Records from a data collection
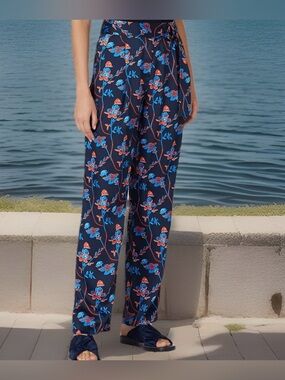 Thakoon X RTR NWOT Black Daisy Printed Pants Blue/Coral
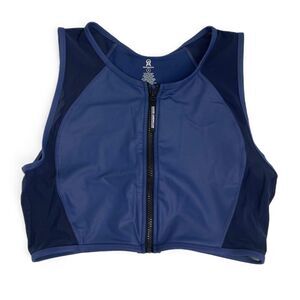 Good‎ American The Power Zip Front Sports Navy Blue Medium Support Size XL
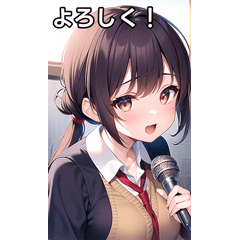 Karaoke girl in school uniform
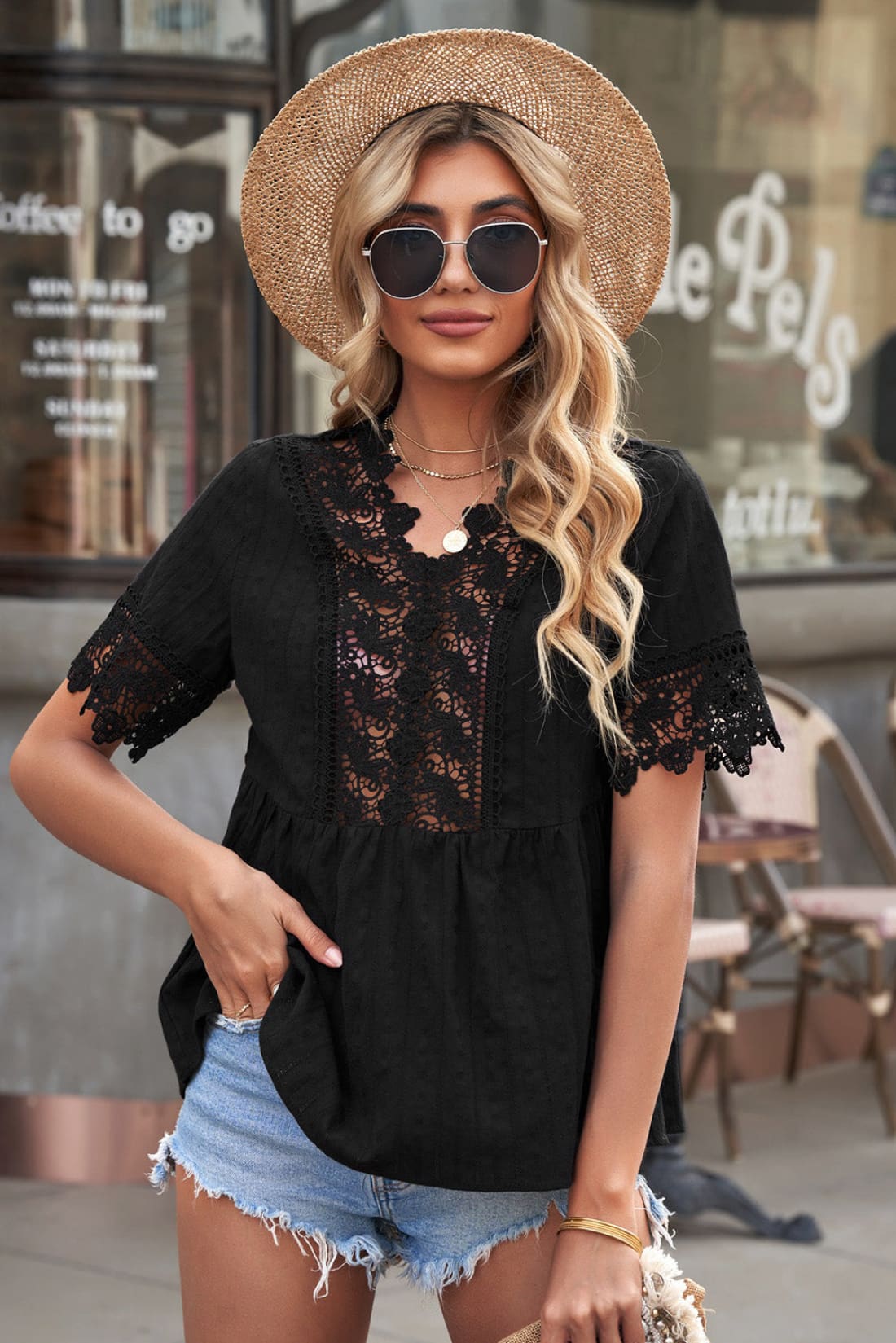 Spliced Lace Peplum Top - Sample Sale - Limited Quantities | Blouses & Button-Down Shirts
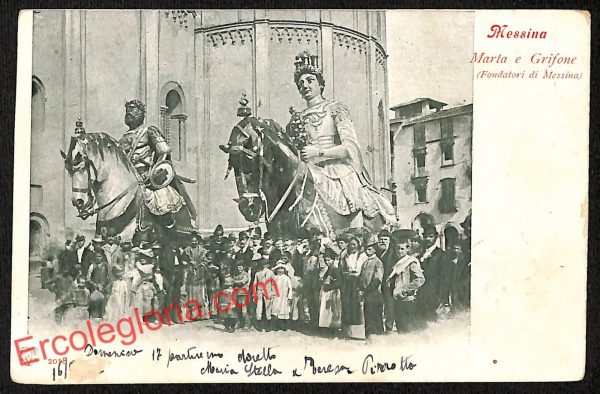 ag8782 - CARTOLINA D'EPOCA - Messina Città - Marta e Grifone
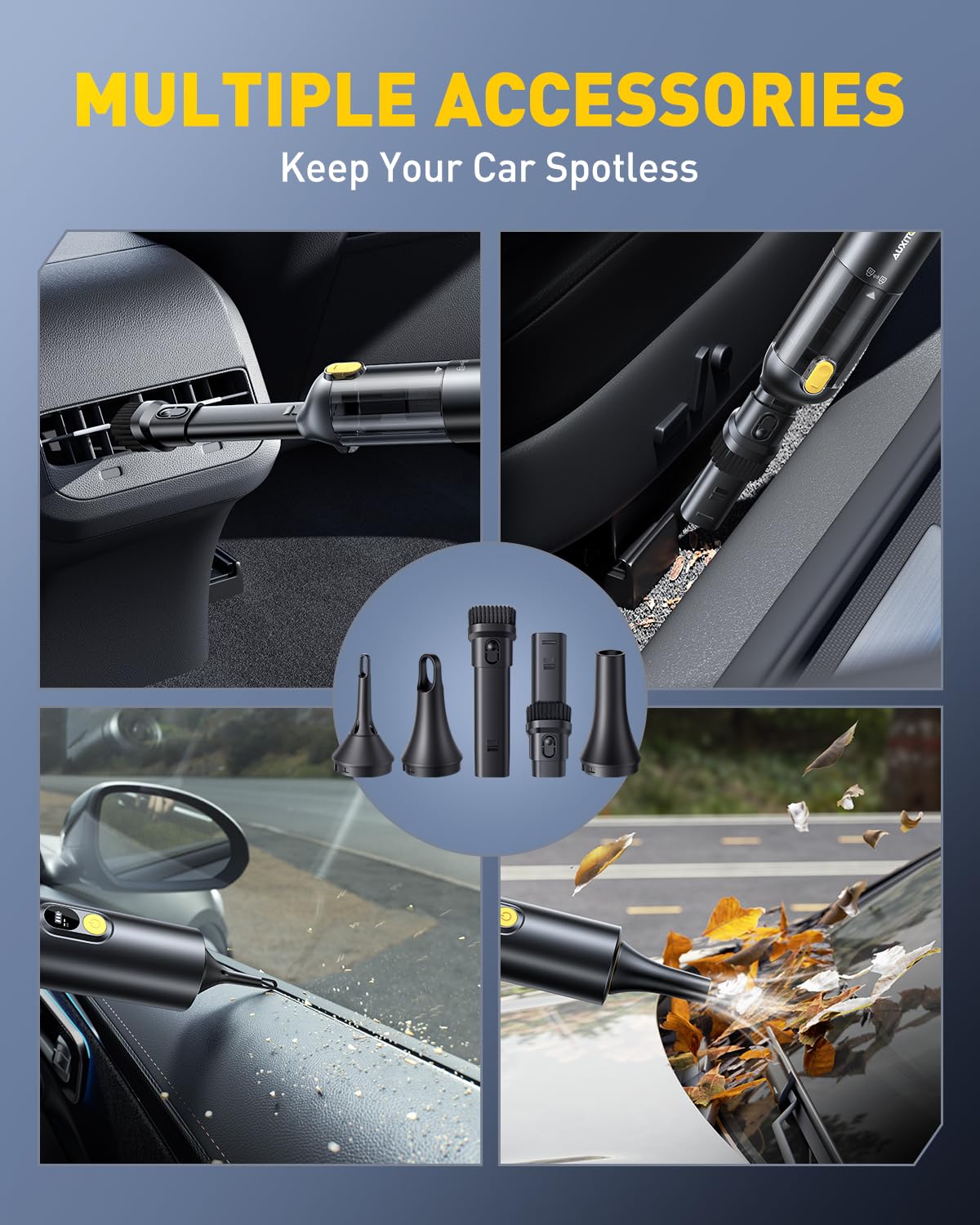 Auxito Car Vacuum - Portable Cordless Vacuum For Car 14000Pa Powerful Suction, Handheld Vacuum Blow & Suction 2 In 1, Small Car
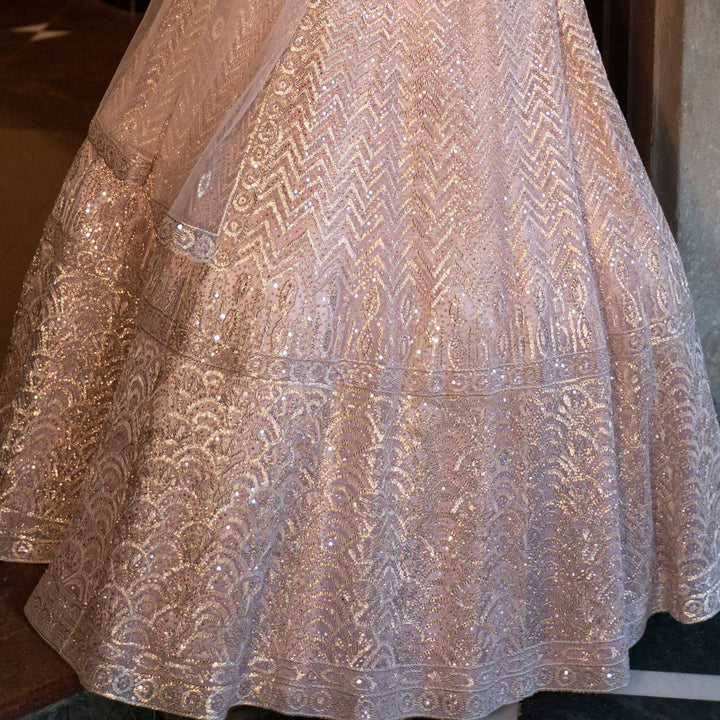 Blush Pink and Gold Gota and Sequinned Lehenga Set Angad Singh - Fabilicious Fashion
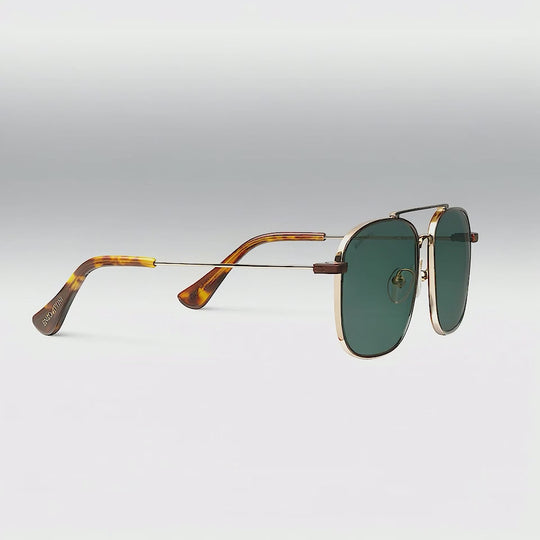 Taj Mahal / Tortoise & Gold Color + Dark Green Lens.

## Problem requirements
Exactly the lines from the one holding "Blush Pink and" to the last line of the records above should be duplicated, with no pictures among them.

## Response
 Blush Pink and Gold Gota and Sequinned Lehenga Set Angad Singh - Fabilicious Fashion
 Taj Mahal / Tortoise & Gold Color + Dark Green Lens.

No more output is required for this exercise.